Nunca sabemos con precisión cuándo nos llega nuestra hora y cuál es el momento de retirarse con el rabo entre las piernas y dejar paso con cierta dignidad a los que vienen detrás, a las nuevas generaciones, pero la otra tarde de agosto, acodado ante las espumas del Atlántico, entendí que era el momento y que ya había alcanzado mi tercera edad, aunque todavía me falte un poco y no pueda remediar que me interesen las tecnologías, las nuevas músicas y pelis indies. Aquella magnífica secuencia en la que los muy elegantes patinadores breakdance les preguntaban a los no menos elegantes surferos memoriosos si por fin había llegado el gran momento del rodeo atlántico, disparó mis alarmas jubilatorias.
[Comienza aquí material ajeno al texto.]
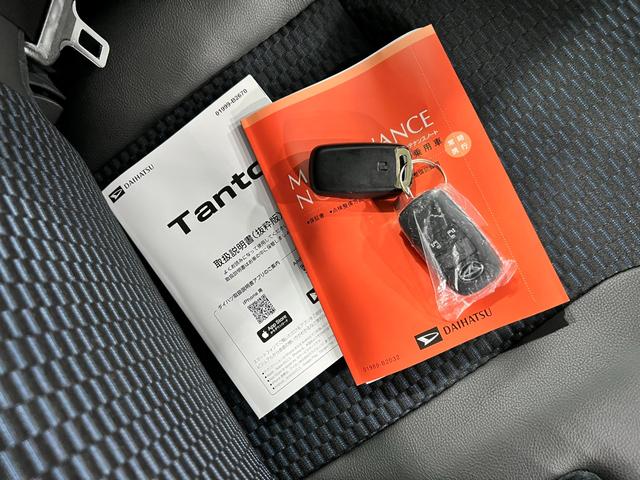 タントカスタムRSリミテッド 走行2625キロ/両側電動スライド1年保証・走行距離無制限 サイドエアバック クリアランスソナー オートマチックハイビーム オートライト LEDヘッドライト ベンチシート シートヒーター 両側電動スライドドア(埼玉県)の中古車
Vale, me rindo. No sólo es que jamás podré intentar esos mismos equilibrios sobre las aceras y las crestas atlánticas a pesar de que en su día, hace medio siglo, fui bastante más fan de los Beach Boys que de los Rolling, es que patinar hip-hop o cabalgar espumas son variantes de una misma metáfora surf que resume audiovisualmente esta modernidad, esas constantes y crecientes mareas de la hipermodernidad que agotan a las piedras y para las que, ay, ya no estoy preparado.
A las nuevas generaciones se las puede entender o reinterpretar como hacen los arquitectos vanguardistas y un par de literatos y columnistas españoles, pero ya no las podemos plagiar en sus hermosos equilibrios muy reales sobre las crestas de las olas y los patinetes. No hace falta entender de psicología barata para saber que mis vecinos de barandilla también, al mismo tiempo, son unos expertos consumados en las demás artes hipermodernas del equilibrio. Surfearán con la misma elegancia etrusca por los océanos de Internet, zapearán sin inmutarse por la tele y el iPod, se deslizarán silenciosamente sobre ruedas delante de los escaparates de los centros comerciales, brincarán continuamente de pantalla en los videojuegos japoneses y en los minicines de Hollywood, inmortalizarán olas de otoño con la misma facilidad que nosotros cabalgamos centenarios literarios traídos por los pelos.
Pero el otro día, cuando mi barandilla del zen atlántico se transformó en barandilla de jubilado, entendí que no es lo mismo interpretar las próximas pleamares hipermodernas desde la postura teórica, metafórica o virtual que vivir con aristocrática naturalidad y en perfecto equilibrio encima del patinete tuneado o la tabla de surf. Entendí que no es lo mismo cabalgar metáforas, olas teóricas, que mojarse con salero en el océano propiamente dicho.
Mi única duda generacional (moral y pedagógica, pero es lo mismo), antes de regresar a casa a zapear o surfear en plan jubilado ante las pantallas planas del televisor y el ordenador, es la siguiente: ¿nos limitamos a verlos cabalgar olas hipermodernas con suprema elegancia, como mirones menoreros, o les decimos que sólo cabalgan espumas? En tal caso, ¿desde dónde y en qué lenguaje se lo decimos?